Activity -
Reproduce the listing below exactly, beginning with its first line and ending with the line that holds "Body Splash Deo"; pictures are not part of the copy.

***** Dataset content *****

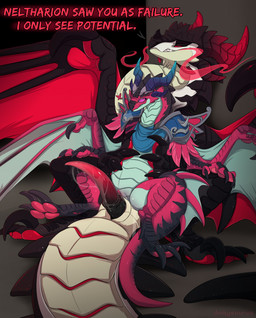 anthro anthro_on_feral belly bestiality big_belly black_body black_scales bodily_fluids clitoris duo female feral genitals grin horn larger_male leaning leaning_backward long_penis male male/female pawpads paws penis pink_body pink_scales pregnant pregnant_anthro pregnant_female red_horn red_penis red_wings scales sitting_in_lap size_difference smaller_female smile smirk speech_bubble tapering_penis text wings dinkysaurus blizzard_entertainment european_mythology mythology warcraft redshift_(dinkysaurus) dracthyr dragon mythological_creature mythological_scalie scalie western_dragon hi_res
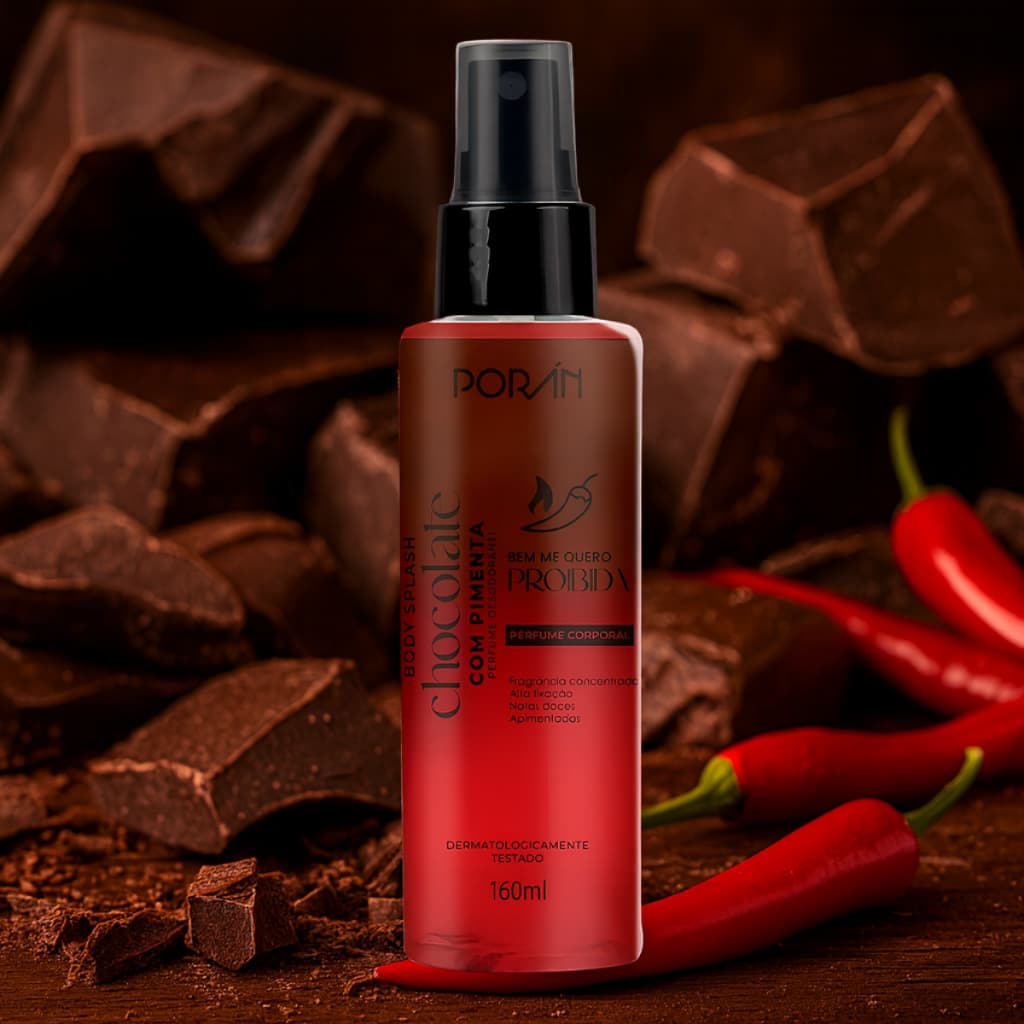 Body Splash Deo Colônia Corporal Chocolate Com Pimenta Bem Me Quero Proibida Poran 160mL
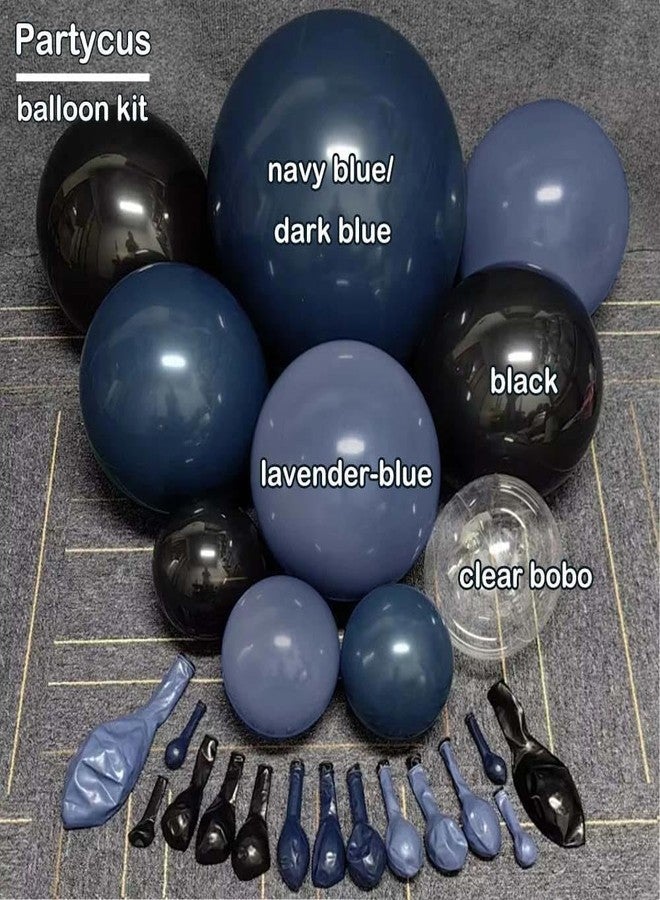 Partycus Navy Blue Black Balloon Arch Kit Double Stuffed, Dark Lavender-Blue Matte Black Balloon Garland with Clear Bobo Latex for Birthday Baby Shower Men Graduation Wedding New Year Party Decoration - Image 3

*****

Output below -
 anthro anthro_on_feral belly bestiality big_belly black_body black_scales bodily_fluids clitoris duo female feral genitals grin horn larger_male leaning leaning_backward long_penis male male/female pawpads paws penis pink_body pink_scales pregnant pregnant_anthro pregnant_female red_horn red_penis red_wings scales sitting_in_lap size_difference smaller_female smile smirk speech_bubble tapering_penis text wings dinkysaurus blizzard_entertainment european_mythology mythology warcraft redshift_(dinkysaurus) dracthyr dragon mythological_creature mythological_scalie scalie western_dragon hi_res
 Body Splash Deo Colônia Corporal Chocolate Com Pimenta Bem Me Quero Proibida Poran 160mL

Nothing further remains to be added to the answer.